What you have to do ▸ All that is wanted is the exact text of the lines below from the one with "Butlers STATEMENT Vase Herzen- Vasen" through the one with "Καλιφόρνια: Οι αρχές", inclusive, minus any pictures.

Extracted data ▸
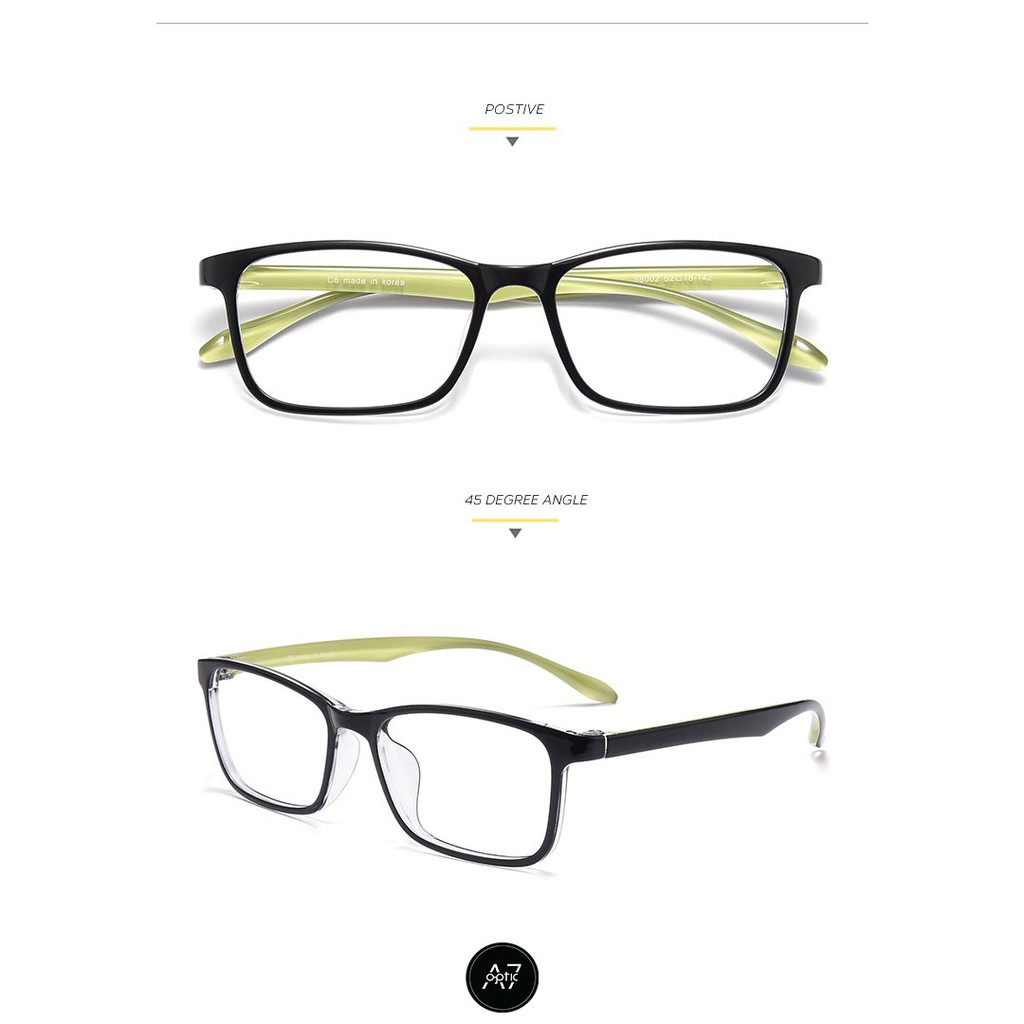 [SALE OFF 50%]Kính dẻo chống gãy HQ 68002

--

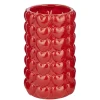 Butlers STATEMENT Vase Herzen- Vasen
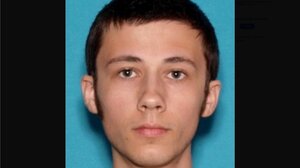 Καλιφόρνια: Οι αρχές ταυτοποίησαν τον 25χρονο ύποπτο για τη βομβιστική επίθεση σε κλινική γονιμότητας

Solution for this exercise ▸
 Butlers STATEMENT Vase Herzen- Vasen
 Καλιφόρνια: Οι αρχές ταυτοποίησαν τον 25χρονο ύποπτο για τη βομβιστική επίθεση σε κλινική γονιμότητας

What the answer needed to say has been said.